Et c’est ainsi que Chevillard est grand



« Et voici le solide orang-outan qui se défait comme un nuage, qui se déforme et se délite. On le savait élastique mais pas au point de s’étirer aux dimensions du ciel et de perdre à force substance et épaisseur jusqu’à devenir tout à fait diaphane, transparent, cette buée, ce flocon, cette fumée rousse qui s’effiloche, c’était l’orang-outan, cette ombre blanche qui s’étend sur toutes choses comme un suaire, quelle ombre blanche ? Comment la voir ? C’était lui. »

Comment vivre sans Eric Chevillard ? Imaginez, imaginez ce beau merdier, ce chaos pas uni du tout, ces flots de littérature lactescente, blafardes vaguelettes brisées sur les récifs des moi(s) les plus divers et avariés ? Bref imaginez le pire ! Vivre sans Eric Chevillard serait comme vivre sans bras ni jambes, chose peu commode ennuyeuse et pour tout dire entraînant la pénible compassion d’une humanité constamment aux aguets … Nous disposerons donc du loisir de continuer de vivre, jambes et bras puisque Chevillard est encore là.
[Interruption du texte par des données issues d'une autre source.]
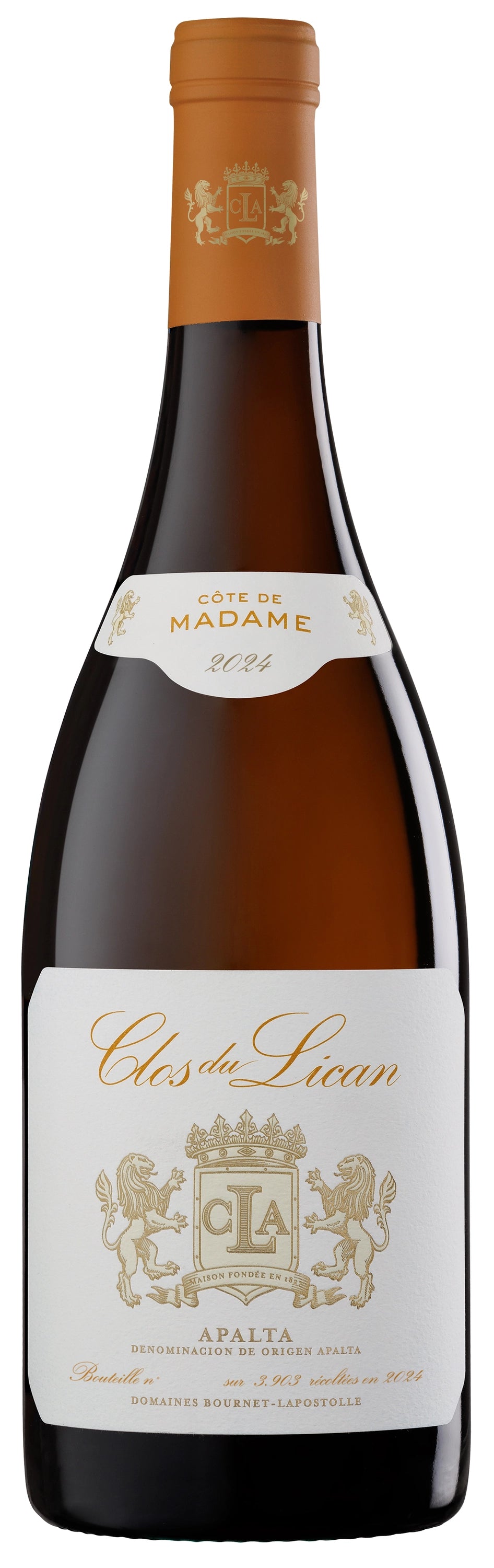 A bottle of Clos du Lican Cote De Madame 2024 750ml White Wine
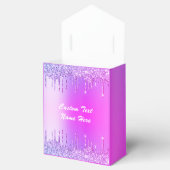 Ballotins Nom de la Parties scintillant rose pourpre Boîtes  (Ouvert)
Nous aurons toute raison de résister au pire car même sur sa seconde main notre homme de minuit est toujours drôle, cocasse, inénarrable, vu que oui voyez-vous le quidam médianoche est ambidextre, et ambidextre c’est beaucoup.
Les esprits retors et chagrins rétorqueront doctement que rien de nouveau sous le soleil de la cocasserie… que ce vague conte philosophique autour des primates n’est que du Vialatte étiré sur 160 pages… que Vialatte est un bon sprinter mais qu’il se délite sur la longueur (comme l’orang-outan), … que Vialatte oui… mais une chronique le matin… une le midi et une au couché sinon le charme n’opère plus. Les esprits roués auront peut-être raison, encore faudrait-il qu’ils relisent sereinement « les Fruits du Congo » long roman brumeux comme mon bras où l’homme de la montagne (Vialatte donc tas d’ignares) galope comme vers Marathon sans trépasser sur la fin.
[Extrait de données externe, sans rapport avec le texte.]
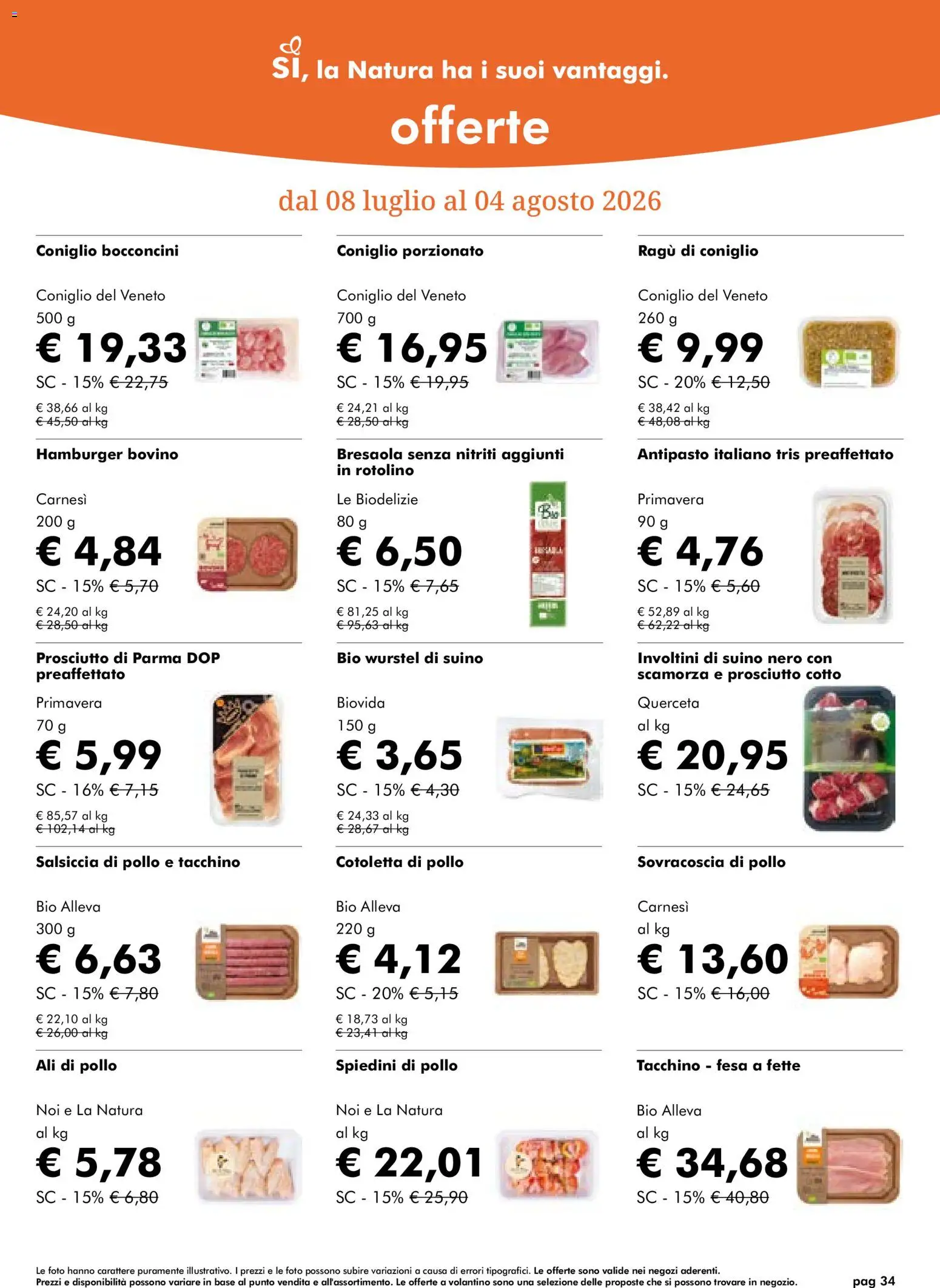 Volantino Natura Sì del 08/07/2026 | Pagina: 34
« Nos bras étaient plus longs que nos jambes, poursuit le coach, j’en déduis raisonnablement que nous n’avions d’autre relation au monde que l’étreinte. »
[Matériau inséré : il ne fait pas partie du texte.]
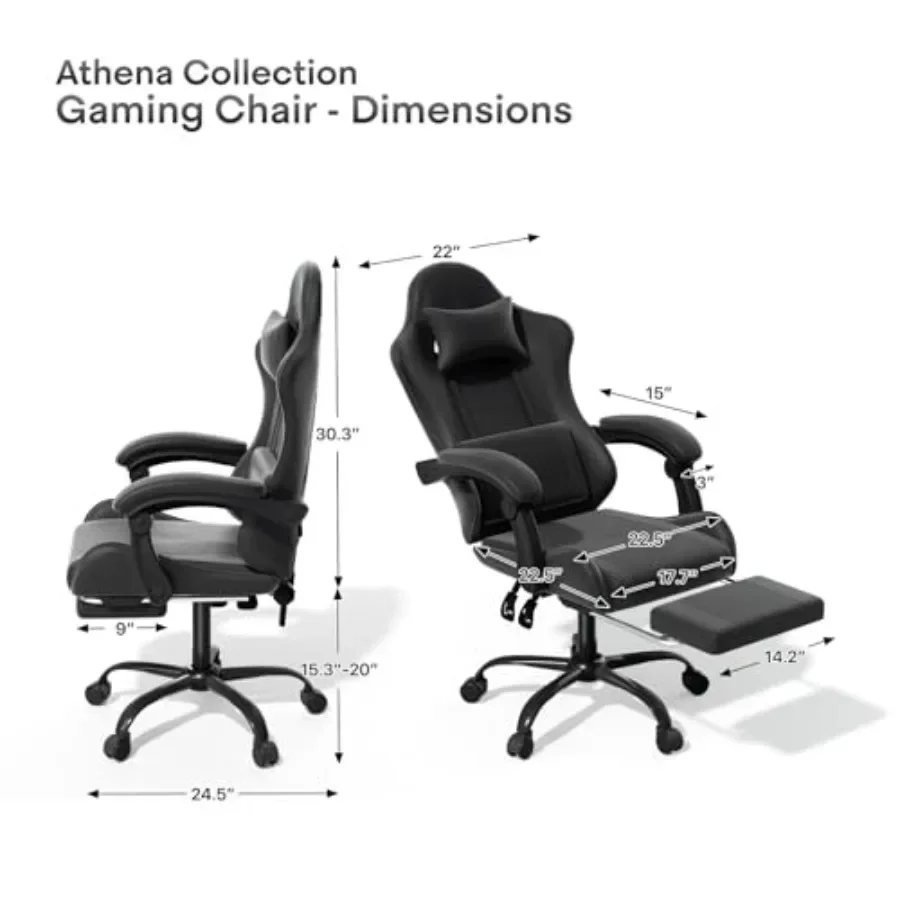 Ergonomic Gaming Chair with Fo - Ergonomic Office Chair recension och pris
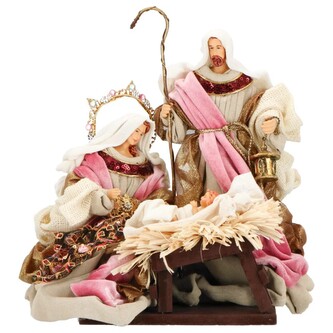 Betlém 17,8x15,2x29,2 cm (ručně vypracovaná dekorace)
Si Vialatte est « l’homme de la montagne » L’orang-outan (ou orang-outang)(Pongo pygmaeus) lui est (en malais) «l’homme de la forêt.» Quand dans une seconde partie belle comme la pierre de Francis Ponge, Chevillard fait disparaître notre délicat anthropoïde et bien voyez-vous plus rien n’est enlacé ! Plus rien ne redescend de la montagne, plus rien ne rebondit dans la forêt. Sans l’orang-outang tout redevient antédiluvien car l’homme sans l’orang-outan est antédiluvien. Tout redevient lourd et frôlant la consternation et le bourdon. Le dernier soupir de l’orang-outan à éteint la belle flamme rousse et il n’est resté de lui qu’un petit tas de cendres dispersé au vent mauvais des terres abandonnées. Un pilier d’ombre c’est levé et sous cette obscurcissement un croassement sinistre monte, le Hurlant hurle. Le Hurlant drôle de bestiole descendue et ne bondissant pas d’on ne sait où. Peut-être de chez Kafka ? Le Hurlant ferait un Odradek terriblement plausible, et l’homme malgré ses peaux de bêtes de trembler devant le Hurlant.
Donc chemin sinueux, mais chemin limpide. La fausse rigueur scientifique de Robert Benchley, Francis Ponge (oui il y a du Ponge chez Chevillard) Vialatte (l’homme de la montagne) Kafka (ce qui n’est pas rien) et Beckett (ce qui est beaucoup dans le moins.) Dans une troisième partie Chevillard et son narrateur Albert Moindre réinventent l’homme en orang-outan, apprentissage périlleux, il faut apprendre pour mieux enlacer et ce au risque de tomber tête bêche à même le sol. Il y aura donc comme des pendus des promesses d’orang-outan accrochées aux branches. Fruits étranges, quatre moignons levés en grimaçant. Ces promesses d’orang-outan ne seront plus anthropopithèques hominisées quand elles sauront faire avec les tigres et les Hurlants. Tâche périlleuse…

Malheur à celui qui recèle des déserts
Il est urgent de faire naître des îles
Et c’est ainsi que Chevillard est grand.